Hanged on a Venerable Elm

The shadow of Samuel Adams, a crafty and government-wary revolutionary, lingers over the January 6 Capitol insurrection.
Book
Stacy Schiff
2022

Inevitably, American history in the second half of the 18th century has become a major theatre in the culture wars, and not only for the right. Lin-Manuel Miranda’s musical Hamilton, which attempts to update and defamiliarise the founders for a multicultural, multiracial America, derived from Ron Chernow’s 2004 biography of Alexander Hamilton. In recent decades many academic historians have turned away from the old civil religion, depicting instead the lives of women, the enslaved and the poor in the era of the American Revolution. Nevertheless, there remains a seemingly unquenchable demand for books on the founders. The results are, on the whole, nuanced and balanced, surprisingly so at times; in 2014, Lynne Cheney, wife of Dick Cheney, published a respectable biography of James Madison. Still, there’s a lurking suspicion that the public interest in the lives of dead white patriarchs is predominantly hagiographical.

Stacy Schiff’s life of the revolutionary patriot Samuel Adams is an unobtrusively subversive contribution to the genre. Schiff’s Adams is, if not quite a purveyor of fake news, a master craftsman in the arts of distortion and exaggeration, whose spin and sensation-mongering transformed loyal colonial Britons into revolutionary Americans over the course of little more than a decade. The origins of the American Revolution remain a conundrum. Why did the colonies that had supported Britain in its North American struggle against France between 1754 and 1763 turn so quickly against Britain’s relatively benign parliamentary government? Understandably enough, British attempts after 1763 to make the colonists contribute to the costs of imperial defence provoked protest. But the escalation from loud discontent about taxes to outright independence wasn’t predictable or straightforward. The most persuasive explanation, advanced by Bernard Bailyn in The Ideological Origins of the American Revolution (1967), is that the reading habits of the 18th-century colonists tilted heavily towards the fretful opposition Whiggery of the mother country. By contrast with mainstream Whiggish celebration of the Glorious Revolution of 1688, opposition Whigs – indebted to mid-17th-century commonwealth ideals, suspicious of government power in general, and nervous of conspiracies against liberty – stressed the frailty of English freedoms, not least from the poisons they identified in the body politic. Transatlantic distance aggravated such concerns. Eventually, colonials came to fear that England’s liberties were on the point of expiry, and British America’s might be next.

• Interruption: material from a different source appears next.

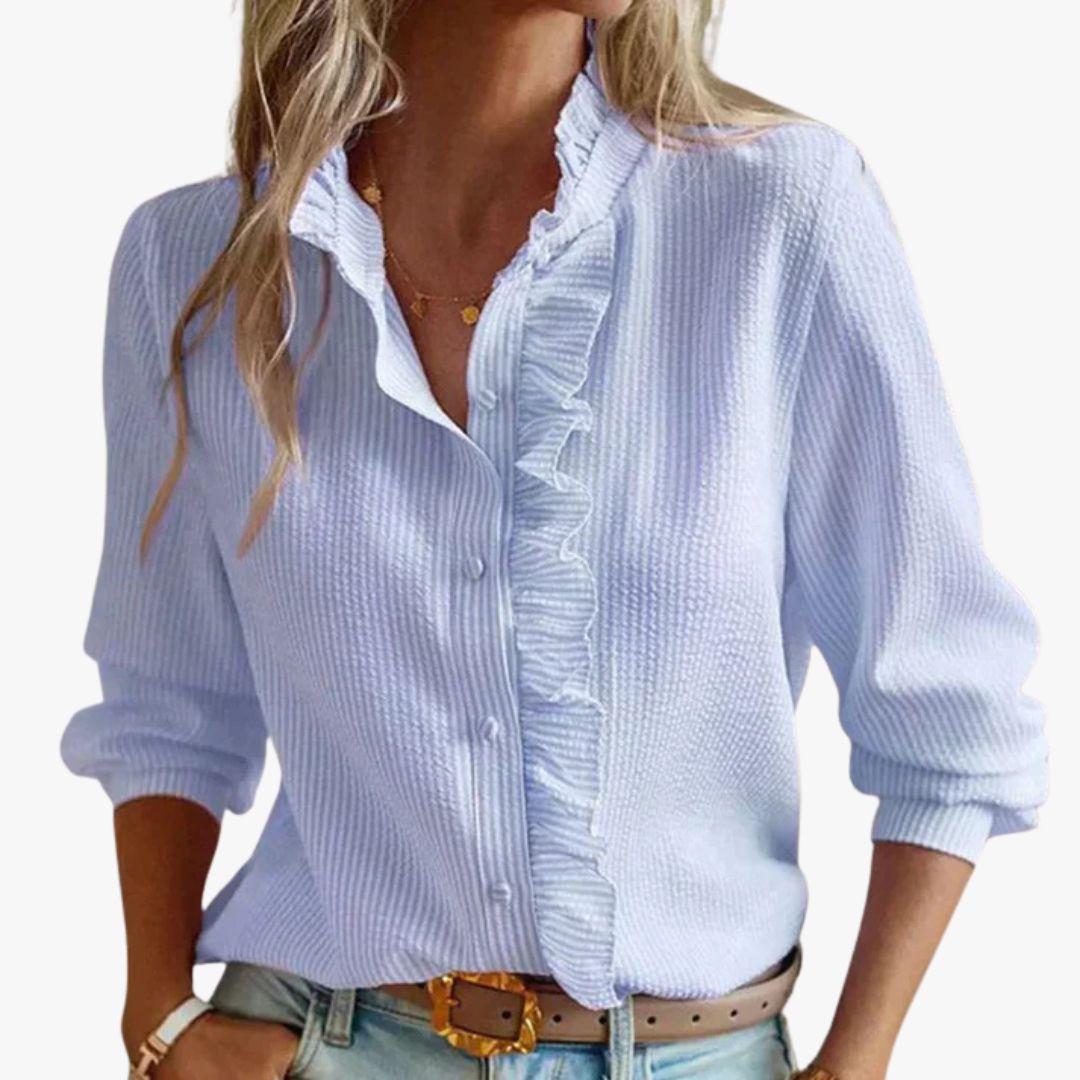 Miles & Luna Elegant Striped Blouse with Long Sleeves for Women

Schiff adds a twist to this story. The colonies’ instinctive British loyalties counterbalanced suspicion and mistrust; it took sustained, deliberate effort from Adams between the mid-1760s and mid-1770s to transform protest into outrage, then militancy, and finally a willingness to shed blood for an as yet unimagined American nation. Abetted by London’s misunderstandings of Boston, and Boston’s exaggerated misreadings of London’s intent, Adams’s persistent scheming, Schiff suggests, contrived America into existence.